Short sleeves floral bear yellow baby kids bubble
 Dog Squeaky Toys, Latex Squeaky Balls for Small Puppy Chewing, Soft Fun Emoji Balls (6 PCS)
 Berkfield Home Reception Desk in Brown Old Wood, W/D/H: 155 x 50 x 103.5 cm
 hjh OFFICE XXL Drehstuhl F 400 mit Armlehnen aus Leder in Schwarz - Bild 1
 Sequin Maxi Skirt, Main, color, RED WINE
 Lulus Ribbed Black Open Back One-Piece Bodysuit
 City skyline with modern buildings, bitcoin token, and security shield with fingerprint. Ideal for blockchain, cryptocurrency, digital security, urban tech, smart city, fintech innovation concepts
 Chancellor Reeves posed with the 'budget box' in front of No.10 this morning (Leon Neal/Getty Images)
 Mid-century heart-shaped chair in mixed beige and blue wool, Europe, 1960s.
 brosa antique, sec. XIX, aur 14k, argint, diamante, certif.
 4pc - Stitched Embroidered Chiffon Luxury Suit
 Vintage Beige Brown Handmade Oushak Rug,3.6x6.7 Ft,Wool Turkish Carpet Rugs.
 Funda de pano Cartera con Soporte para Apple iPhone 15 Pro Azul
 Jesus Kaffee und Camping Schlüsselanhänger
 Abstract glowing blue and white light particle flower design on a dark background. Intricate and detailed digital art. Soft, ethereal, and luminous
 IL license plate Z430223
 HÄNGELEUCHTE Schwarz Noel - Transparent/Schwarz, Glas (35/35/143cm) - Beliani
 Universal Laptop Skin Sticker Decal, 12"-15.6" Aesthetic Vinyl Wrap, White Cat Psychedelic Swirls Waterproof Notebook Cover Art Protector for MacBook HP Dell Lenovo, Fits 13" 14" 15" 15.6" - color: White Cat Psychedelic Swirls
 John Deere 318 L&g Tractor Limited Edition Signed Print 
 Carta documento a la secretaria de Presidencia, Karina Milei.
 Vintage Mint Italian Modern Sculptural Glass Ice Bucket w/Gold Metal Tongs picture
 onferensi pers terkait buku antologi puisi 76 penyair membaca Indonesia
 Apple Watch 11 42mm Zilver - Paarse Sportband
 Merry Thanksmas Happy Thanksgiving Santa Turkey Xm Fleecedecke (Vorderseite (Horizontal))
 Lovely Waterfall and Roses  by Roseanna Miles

▸ PROBLEM REQUIREMENTS:
All lines above from the one with "Chancellor Reeves posed" to the one with "4pc - Stitched", inclusive, should be copied exactly, and no other lines.

▸ SOLUTION FOR THIS TASK:
 Chancellor Reeves posed with the 'budget box' in front of No.10 this morning (Leon Neal/Getty Images)
 Mid-century heart-shaped chair in mixed beige and blue wool, Europe, 1960s.
 brosa antique, sec. XIX, aur 14k, argint, diamante, certif.
 4pc - Stitched Embroidered Chiffon Luxury Suit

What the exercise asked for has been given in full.